A: Conceptually, we select all rows from table1and for each row we attempt to find a row in table2with the same value for the namecolumn. If there is no such row, we just leave the table2portion of our result empty for that row.
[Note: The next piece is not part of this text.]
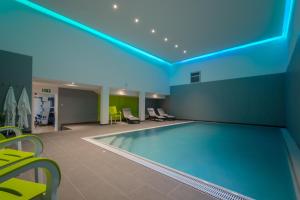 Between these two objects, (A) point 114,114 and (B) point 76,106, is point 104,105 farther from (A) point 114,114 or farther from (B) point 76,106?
(B) point 76,106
Then we constrain our selection by picking only those rows in the result where the matching row does not exist. Finally, We ignore all fields from our result except for the namecolumn (the one we are sure that exists, from table1).
答:从概念上讲,我们从table1每一行中选择所有行,并尝试在其中找到table2具有相同name列值的行。如果没有这样的行,我们只将table2结果的那部分留空。然后我们通过只选择结果中不存在匹配行的那些行来限制我们的选择。最后,我们忽略结果中除了name列(我们确定存在的那个, from table1)之外的所有字段。
While it may not be the most performant method possible in all cases, it should work in basically every database engine ever that attempts to implement ANSI 92 SQL
虽然它可能不是所有情况下性能最高的方法,但它应该适用于任何尝试实现ANSI 92 SQL 的数据库引擎
回答by froadie
You can either do
你可以这样做
SELECT name
FROM table2
WHERE name NOT IN
(SELECT name
FROM table1)
or
或者
SELECT name
FROM table2
WHERE NOT EXISTS
(SELECT *
FROM table1
WHERE table1.name = table2.name)
See this questionfor 3 techniques to accomplish this
请参阅此问题以了解实现此目的的 3 种技术
回答by Tan Rezaei
I don't have enough rep points to vote up the 2nd answer. But I have to disagree with the comments on the top answer. The second answer:
我没有足够的代表点数来投票支持第二个答案。但我不得不不同意最高答案的评论。第二个答案:
SELECT name
FROM table2
WHERE name NOT IN
(SELECT name
FROM table1)
Is FAR more efficient in practice. I don't know why, but I'm running it against 800k+ records and the difference is tremendous with the advantage given to the 2nd answer posted above. Just my $0.02
FAR 在实践中是否更有效。我不知道为什么,但我正在针对 800k+ 记录运行它,并且差异是巨大的,因为上面发布的第二个答案具有优势。只是我的 0.02 美元
回答by Winter
This is pure set theory which you can achieve with the minusoperation.
这是您可以通过minus操作实现的纯集合论。
select id, name from table1
minus
select id, name from table2
回答by Anuraj
SELECT <column_list>
FROM TABLEA a
LEFTJOIN TABLEB b
ON a.Key = b.Key
WHERE b.Key IS NULL;
https://www.cloudways.com/blog/how-to-join-two-tables-mysql/
https://www.cloudways.com/blog/how-to-join-two-tables-mysql/
回答by user4872693
Watch out for pitfalls. If the field Namein Table1contain Nulls you are in for surprises.
Better is:
注意陷阱。如果该字段Name中Table1包含空值你是在惊喜。更好的是:
SELECT name
FROM table2
WHERE name NOT IN
(SELECT ISNULL(name ,'')
FROM table1)
回答by Bob
Here's what worked best for me.
这是最适合我的方法。
SELECT *
FROM @T1
EXCEPT
SELECT a.*
FROM @T1 a
JOIN @T2 b ON a.ID = b.ID
This was more than twice as fast as any other method I tried.
这比我尝试过的任何其他方法快两倍多。
回答by Izzy
You can use EXCEPTin mssql or MINUSin oracle, they are identical according to :
您可以EXCEPT在 mssql 或MINUSoracle 中使用,它们是相同的:
回答by David Fawzy
That work sharp for me
这对我来说很重要
SELECT *
FROM [dbo].[table1] t1
LEFT JOIN [dbo].[table2] t2 ON t1.[t1_ID] = t2.[t2_ID]
WHERE t2.[t2_ID] IS NULL
回答by jawahar
See query:
见查询:
SELECT * FROM Table1 WHERE
id NOT IN (SELECT
e.id
FROM
Table1 e
INNER JOIN
Table2 s ON e.id = s.id);
Conceptually would be: Fetching the matching records in subquery and then in main query fetching the records which are not in subquery.
从概念上讲是:在子查询中获取匹配的记录,然后在主查询中获取不在子查询中的记录。